___ RECORDS PROVIDED

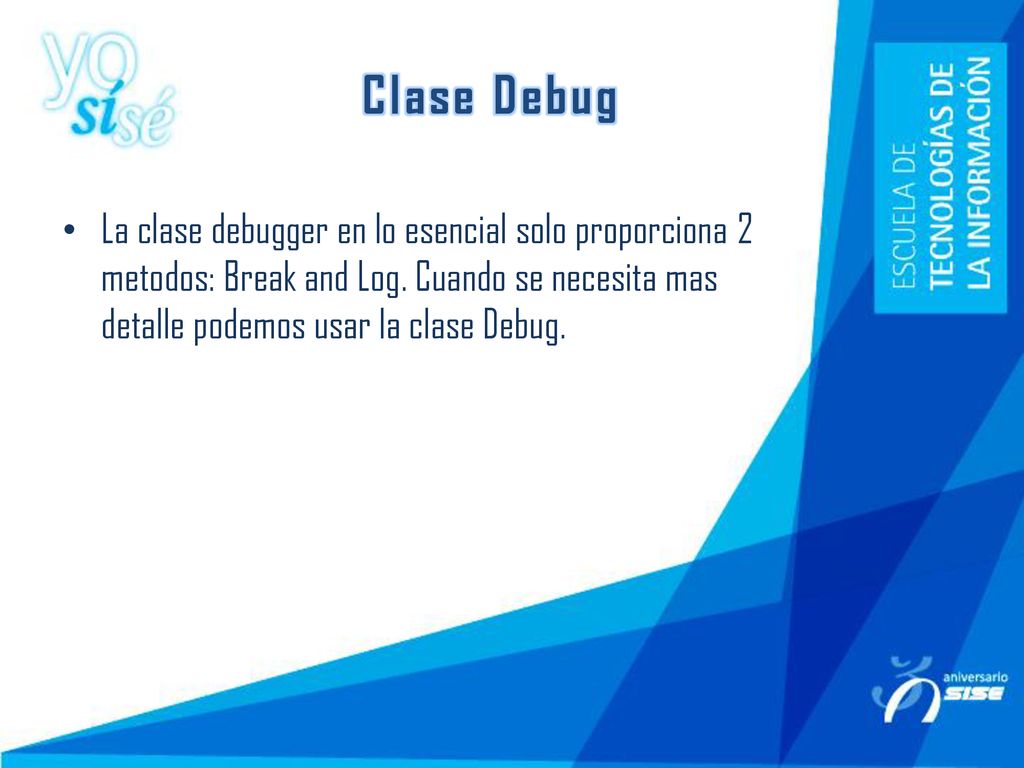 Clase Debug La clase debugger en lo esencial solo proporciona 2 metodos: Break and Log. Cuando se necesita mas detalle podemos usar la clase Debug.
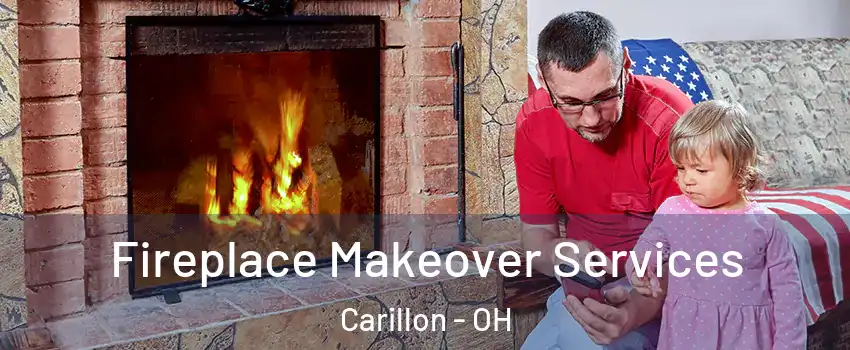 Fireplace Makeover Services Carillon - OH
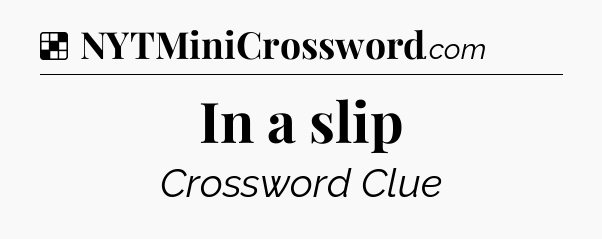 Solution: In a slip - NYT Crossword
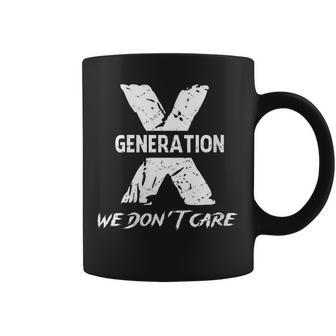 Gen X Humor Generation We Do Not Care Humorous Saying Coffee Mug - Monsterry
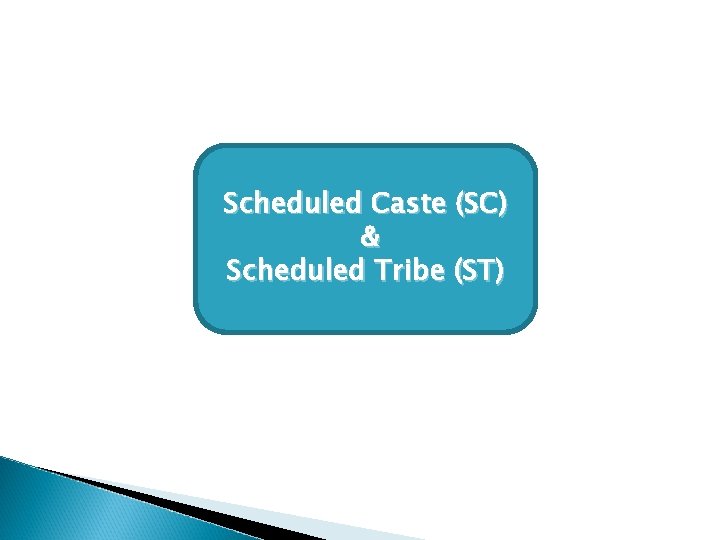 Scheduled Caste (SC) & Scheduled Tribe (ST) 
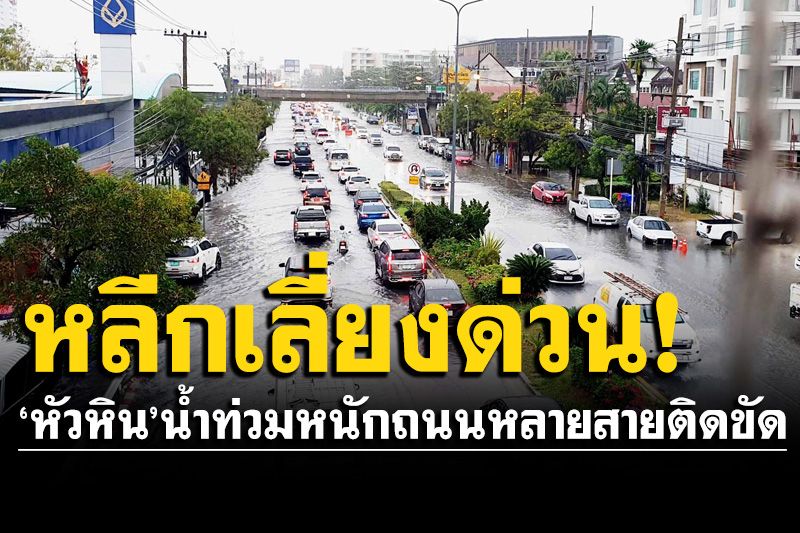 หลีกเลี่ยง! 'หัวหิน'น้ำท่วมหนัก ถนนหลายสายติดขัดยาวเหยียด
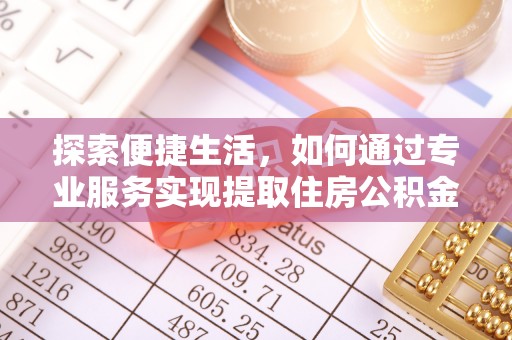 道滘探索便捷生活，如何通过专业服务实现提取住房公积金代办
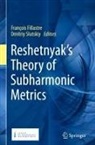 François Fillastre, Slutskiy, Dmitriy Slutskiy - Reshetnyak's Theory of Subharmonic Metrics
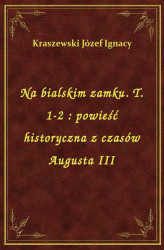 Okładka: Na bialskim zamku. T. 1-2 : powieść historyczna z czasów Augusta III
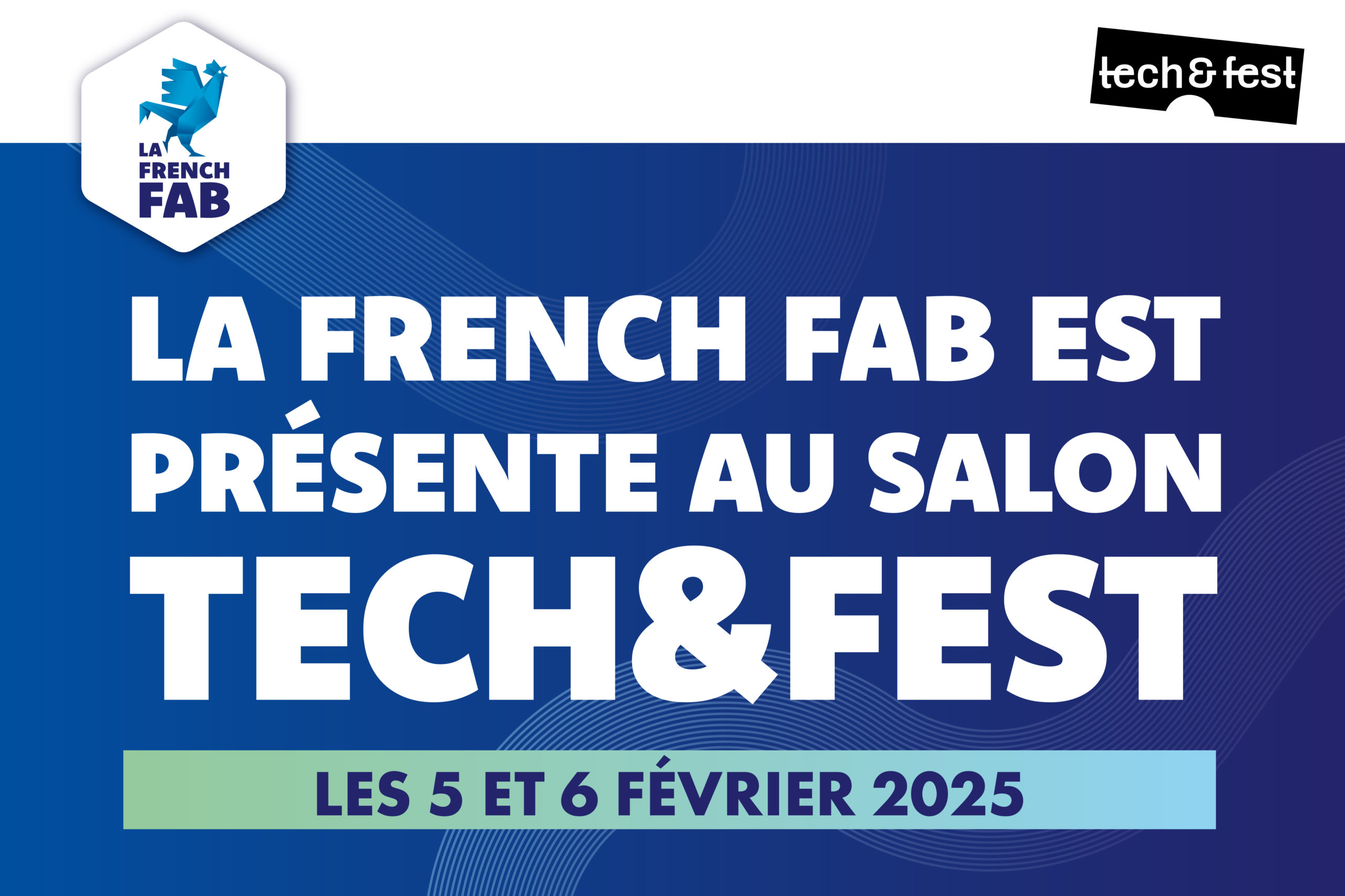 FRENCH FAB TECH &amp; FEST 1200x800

______
___ RECORDS PROVIDED

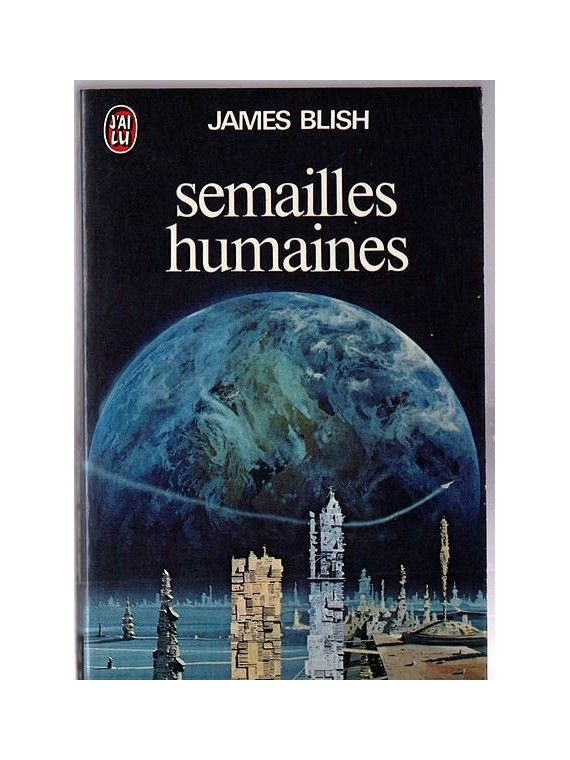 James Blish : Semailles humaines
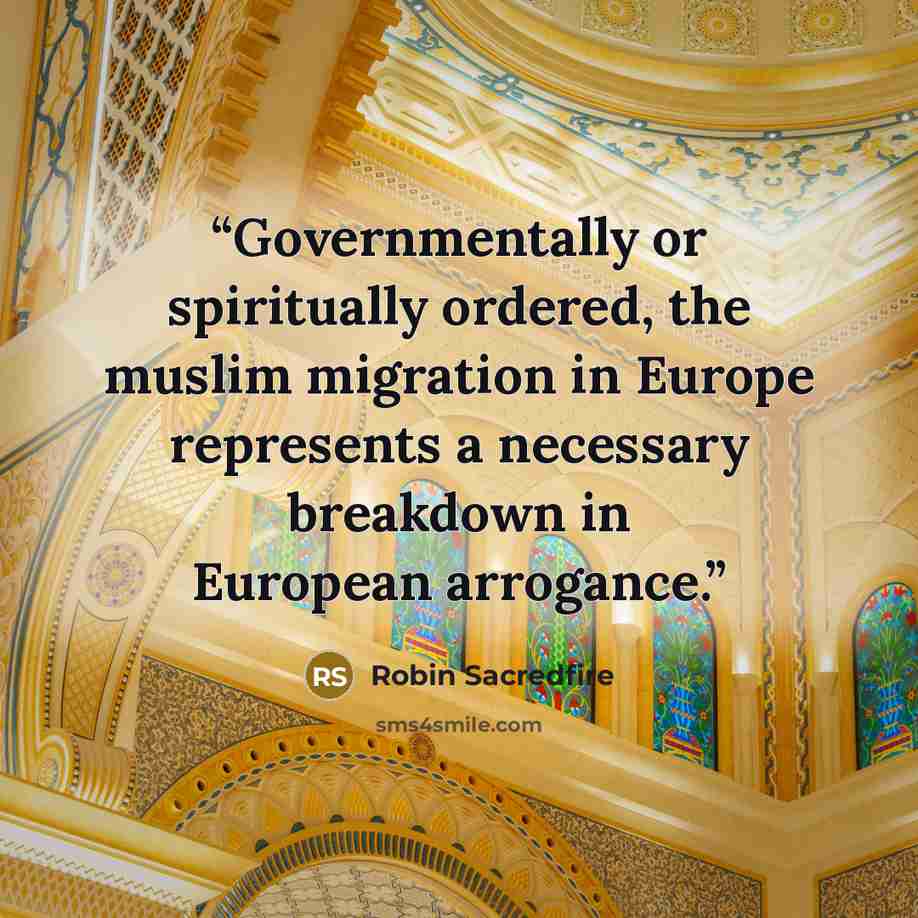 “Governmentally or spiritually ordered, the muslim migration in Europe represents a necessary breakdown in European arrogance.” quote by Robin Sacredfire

______

= YOUR OBJECTIVE =
Everything from the line above that contains "Clase Debug La" down to the line that contains "François Fillastre, Slutskiy, Dmitriy" must be reproduced exactly, both ends included. Omit the pictures.

= SOLVED PROBLEM =
 Clase Debug La clase debugger en lo esencial solo proporciona 2 metodos: Break and Log. Cuando se necesita mas detalle podemos usar la clase Debug.
 Fireplace Makeover Services Carillon - OH
 Solution: In a slip - NYT Crossword
 Gen X Humor Generation We Do Not Care Humorous Saying Coffee Mug - Monsterry
 Scheduled Caste (SC) & Scheduled Tribe (ST) 
 หลีกเลี่ยง! 'หัวหิน'น้ำท่วมหนัก ถนนหลายสายติดขัดยาวเหยียด
 道滘探索便捷生活，如何通过专业服务实现提取住房公积金代办
 François Fillastre, Slutskiy, Dmitriy Slutskiy - Reshetnyak's Theory of Subharmonic Metrics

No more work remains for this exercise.